After performing the layout for the proposed FFT processor, we also compare our work with the recent research results in [3, 4, 5] even though they do not support exactly the same specifications as that of the proposed processor. Table II summarizes the comparison results, where the normalized area is calculated by the method presented in [5] . As shown in Table II , only the proposed FFT processor can support the required FFT lengths for WLAN, WiMAX, and LTE systems.
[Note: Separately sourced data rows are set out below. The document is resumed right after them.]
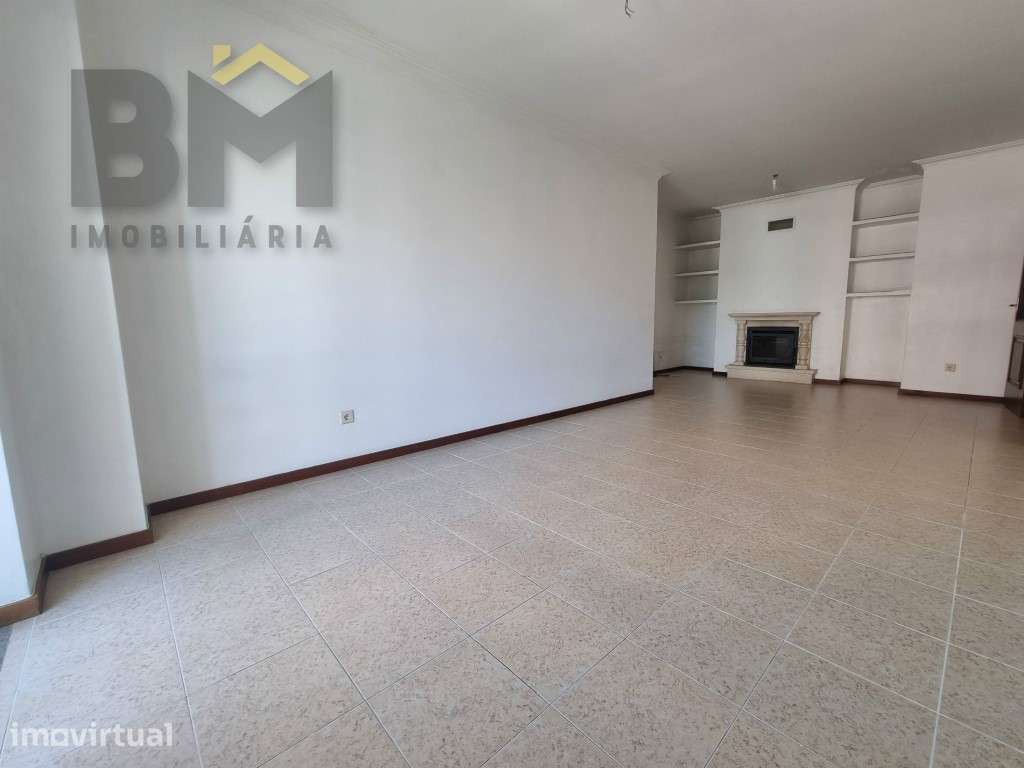 Apartamento T2 em prédio com elevador. - Grande imagem: 5/14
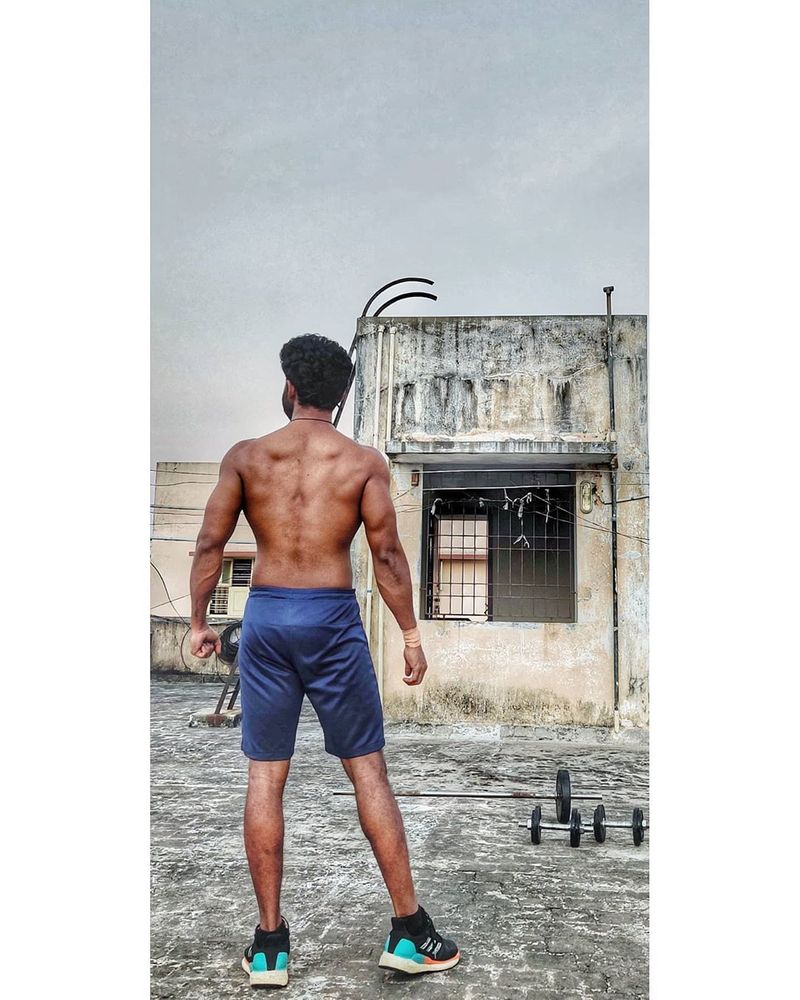 வீட்டிலே ஒர்க் அவுட் செய்து உடம்பை தயார் செய்து வைத்து இருக்கிறார் மஹேந்திரன் 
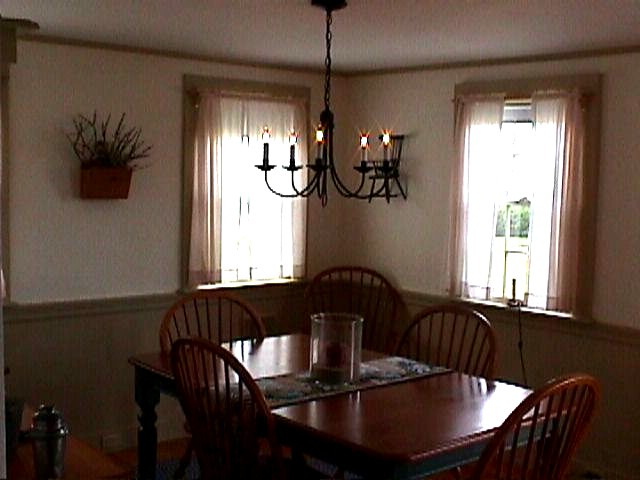 A nice diningroom to sit and have relaxing meals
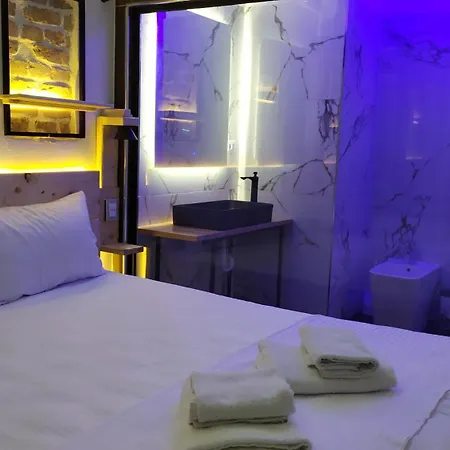 Downtown Evoo Apartment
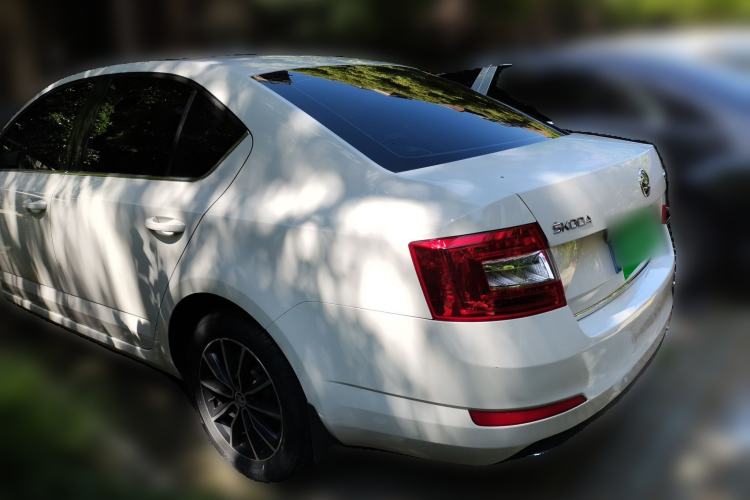 Used Skoda Octavia 2017 1.6L Automatic Smart Drive Edition Rear Left 45 Deg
Also, the normalized area of the proposed FFT is smallest among the processors that can support the length of 2048, because the proposed FFT processor requires the minimum number of non-trivial multipliers. Although the area of [3] is shown to be a minimum, its word-length is 10-bits, and the maximum FFT-length is 1024.
Conclusion
In this letter, an area-efficient FFT processor is proposed for MIMO-OFDM based SDR systems. With the proposed MR-2/2/4/2/4/2/4/2 and MR-3/ 4/2/4/2/4/2 decomposition schemes and pipelined hardware architecture, the proposed FFT processor can support 4-channel 64, 128, 256, 512, 1024, 1536, and 2048-point FFT operation, which is needed for an SDR system that can support WLAN, WiMAX, and LTE modes. By using the proposed mixed-radix algorithm, the required number of non-trivial multiplications is also minimized. Implementation results show that the proposed FFT processor saves the logic gate count and memory size by 40.9% and 19.7%, respectively, compared with the conventional 4-channel R2SDF with the 4-channel R3SDF FFT processor. Compared with the 4-channel R2MDC with the 4-channel R3SDF FFT processor, it achieves reductions of 33.8% and 18.5%, respectively. It is also shown via a comparison with recent research results that the proposed processor can be implemented with very low complexity. Since the FFT processor is one of the largest modules in MIMO-OFDM systems, the proposed FFT processor would greatly contribute to the lowcomplexity implementation of MIMO-OFDM based SDR systems.